Las claves de una buena oposición

OPINIÓN

David Fernández | EFE

18 ene 2020 . Actualizado a las 05:00 h.

Las películas del Oeste son una fuente inagotable de metáforas para la ciencia política, porque son narraciones maniqueas -de buenos y malos-, en las que todos los conceptos y caracteres están simplificados para favorecer un final feliz y moralizante. El bueno es guapo, listo, sabe leer, tiene un caballo veloz, es infalible con el revólver, ama a una chica bellísima y virtuosa, y observa el crepúsculo con ojos azules. El malo es feo, escupe como un futbolista, tiene un caballo lento y un revólver desafinado, y compra los amores en el saloon del empresario corrupto. Y, sobre ese esquema, se desarrollan argumentos de plasticidad insuperable.

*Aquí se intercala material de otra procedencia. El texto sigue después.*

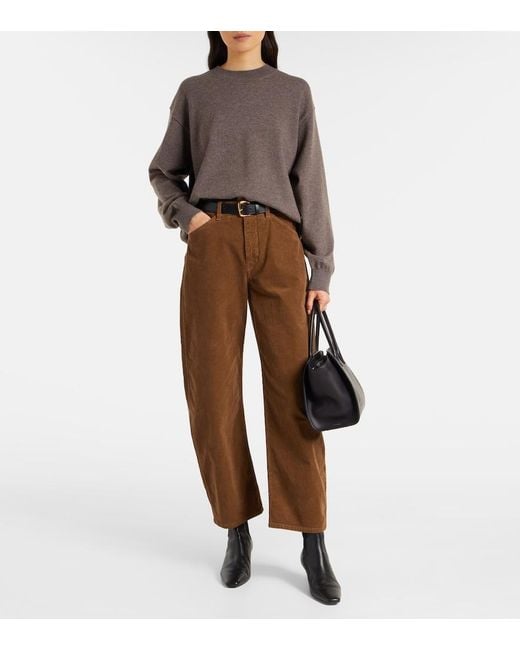 Nili Lotan Brown Tribeca Cotton-Blend Corduroy Barrel-Leg Pants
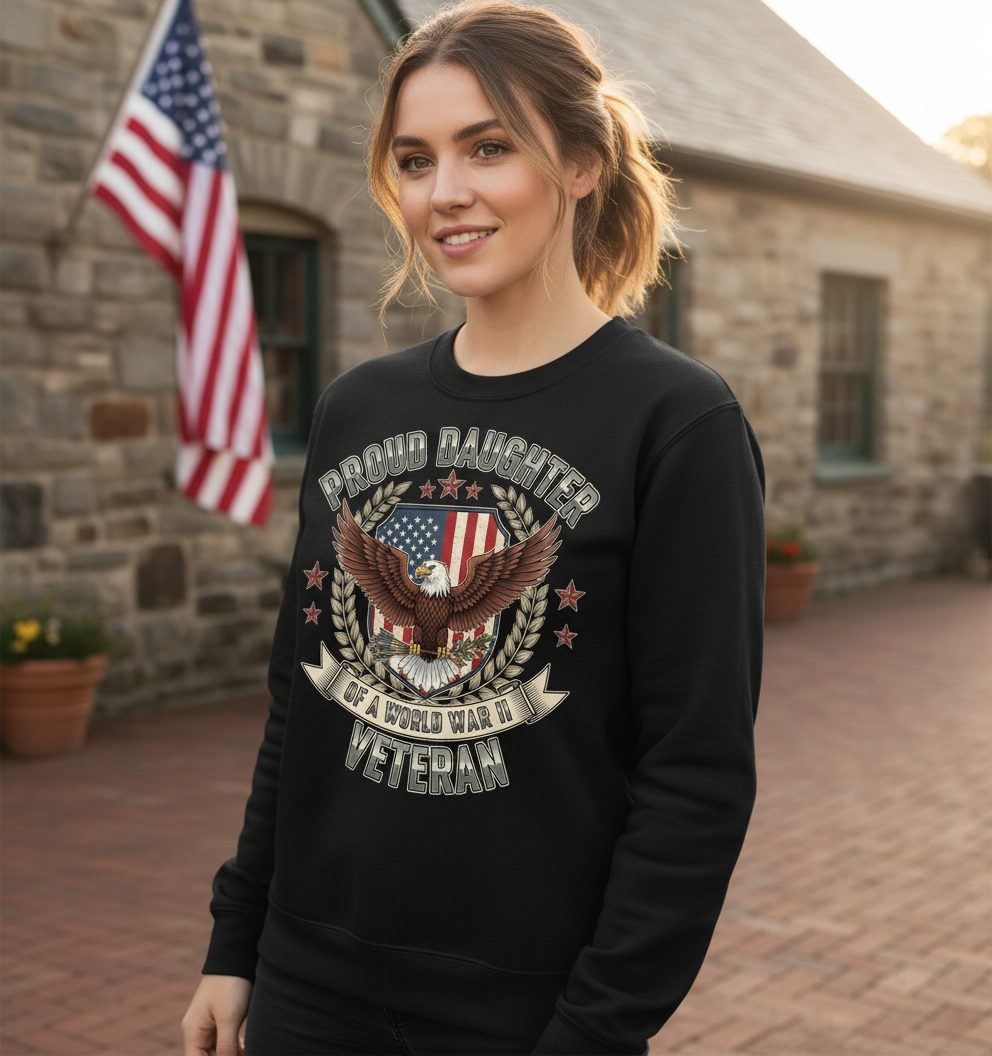 Proud Daughter of a World War Ii Veteran wwii veteran Sweatshirt Black lifestyle mockup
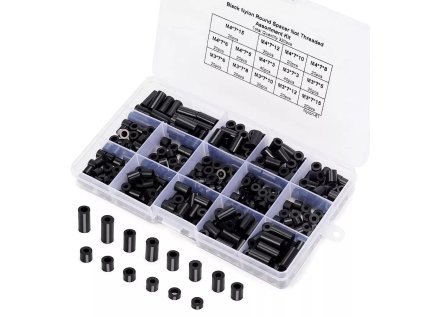 320pcs black ABS power socket screws assortment kit 1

La política también es así, aunque los buenos y malos se turnan a merced del respetable. Los que hasta hace poco eran unos perdedores, populistas, enfrentados entre sí, sin proyecto de país y mal vistos por la intelligentsia europea, tienen ahora las llaves del Falcon, viven en dorados palacios, encargan sus trajes en Milán, cenan con Macron, y están asesorados por míticos gurús que -hasta que pierden- nunca se equivocan. Y nuestro problema consiste en saber qué debe hacer una oposición noqueada, a la que ahora le toca hacer el papel de vaquero malo, torpe y zarrapastroso.

En los westerns está resuelto. Cuando encierran al vaquero malo, por haber asaltado la diligencia y matado al mayoral, sucede que, mientras espera a que venga la banda a rescatarlo, con un tumulto de petardos y balaceras, empieza a dar patadas y puñetazos a los barrotes, insulta y amenaza al ayudante del sheriff, y ahoga su frustración en el güisqui clandestino que le trae su amor mercenario. Por eso resulta que, cuando llegan sus libertadores, ya no sirve para nada, es incapaz de subir al caballo, y el sheriff se lo trinca como a un conejo apestado.

Pero, cuando encarcelan al bueno -porque nunca faltan celadas e injusticias-, lo primero que hace es tumbarse en el camastro, bajarse el sombrero a la cara, cantar una canción -Tonight My Baby’s Coming House- mientras el carcelero tremola su armónica, y echarse unas plácidas siestas, soñando con el valle donde vive su amor, para estar entero y relajado cuando el tiempo le dé la oportunidad de escapar de la cárcel, detener a los forajidos, encontrar el oro de la diligencia debajo de la ruleta del casino, ganarle el duelo -solo ante el peligro- al pelanas del malo, y encaminar su caballo albino, al caer de la tarde, hacia el verde valle donde su chica le espera.

Pablo Casado debería darse una tarde para ver cuatro westerns, antes de decidir si va a romper los puños y las botas contra las rejas del calabozo, y hundirse en una borrachera de impotencia, o si aprovecha este incidente de oposición para relajarse, hacer mucho ejercicio, y esperar a que le llegue la oportunidad de encadenar todas las brillantes hazañas que le lleven al poder. De momento está dando puñadas y coces contra los barrotes y los aguijones de Sánchez. Pero aun tiene tiempo para programar a su gusto, y relajado, el final de la película.